3-Çocukluğunda istismar edilenlerin tümünün istismarcı olmadığı ve bazı istismar edilmeyenlerin de istismarcı olabileceği belirtilmektedir.

4-Yıllar içinde çocuk istismarı ve ihmali davranışlarında gözlenen artışın bu konudaki araştırmaların ve farkındalığın artışına bağlı olabileceği gibi artmakta olduğu da  belirtilmektedir.

5-Çocuk istismarı ve ihmali faillerinin ruhsal açıdan problemli kişiler oldukları konusundaki düşünce de araştırmalarca çok fazla destek bulmamıştır. İstismar ve ihmal faillerine özgü bir ruhsal problem olmadığı ve ruhsal problemi olmayan    kişilerin  de bu tür davranışları gerçekleştirebildiği belirtilmektedir.

 

İstismara uğrayan çocuklar ,İstismarcıya,Kendilerini koruyamayan yetişkinlere, kendilerine ÖFKE DUYARLAR

Ayrıca İstismarı durduramadıkları için de kendilerini SUÇLULARLAR. 

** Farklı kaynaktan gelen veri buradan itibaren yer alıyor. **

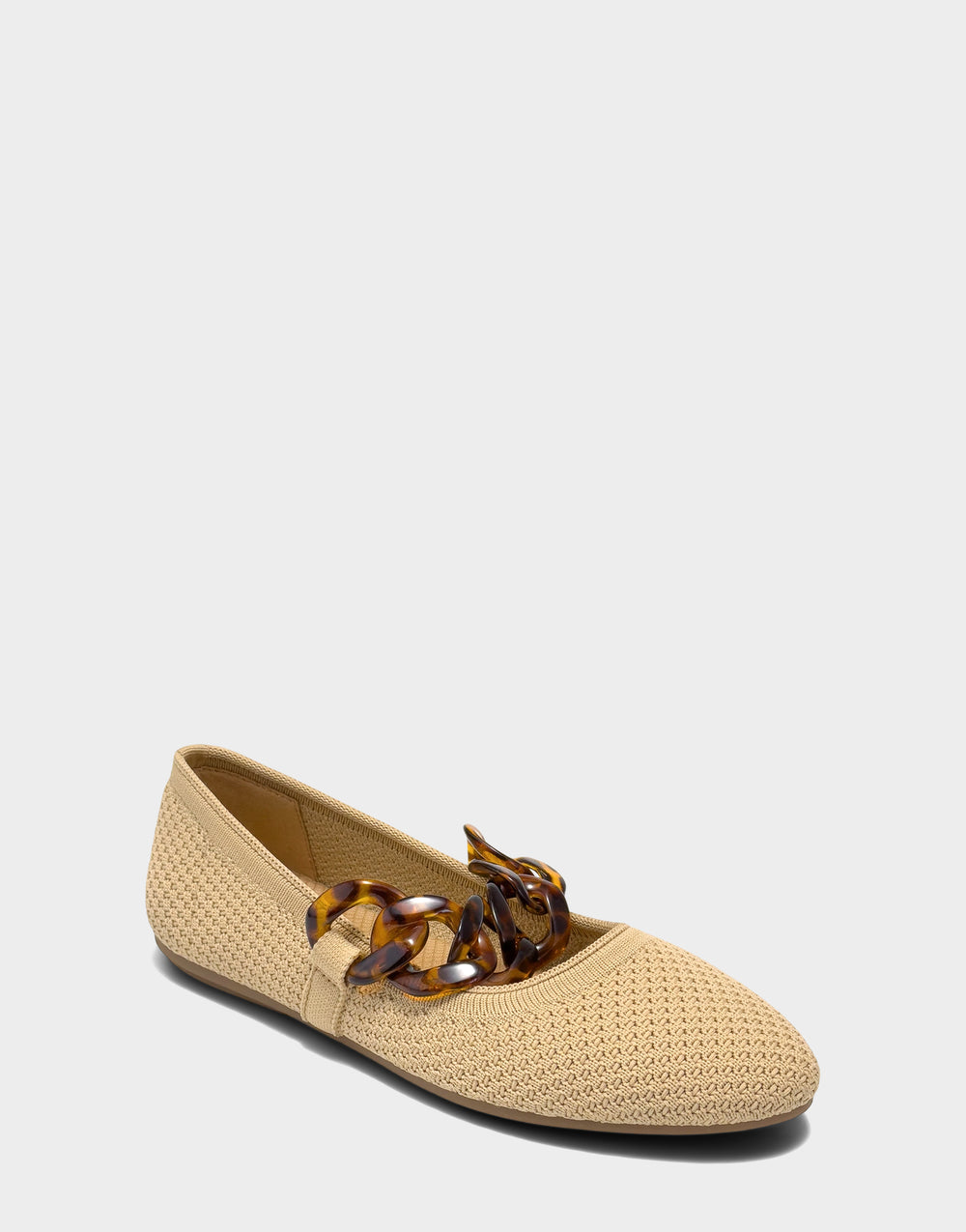 Comfortable Women's Knit Flat in Beige Bisque Knit Side Angle View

İSTİSMAR VE İHMALİN SONUÇLARI

İstismar ve ihmale uğrayan çocuklarda Parmak emme, ısırma, sallanma, altını ıslatma, yeme bozuklukları, hiperaktivite, aşırı içe dönüklük, güçsüzlük duygusu, dış kontrol odaklı olma, saldırganlık, aşırı pasiflik, hırsızlık yalan söyleme gibi antisosyal davranışlar, olumsuz benlik kavramı, Depresyon, uyku bozuklukları, aşırı kaygı, fobiler, obsesyon gibi nevrotik reaksiyonlar, intihar girişimi, bilişsel ve duygusal gelişmede duraklama, hafıza ve konsantrasyon bozukluğu, oryantasyon bozukluğu, güdü azlığı, aşırı bağımlılık, başarısızlık, yapay olgunluk, psikososyal cücelik gibi davranışlar gözlenmektedir.

Uzun dönem de ise ;

Düşük benlik saygısı, Saldırganlık, yıkıcı davranışları, Öfke ve intikam duyguları, Pasiflik ya da İçe Kapanık,İstismarcı ,Kaygı, Korku, Akademik Sorunları,  Davranışsal ve Duygusal Uyum Problemleri olan yetişkinler olma yatkınlıklarının  yüksek olduğu bilinmektedir.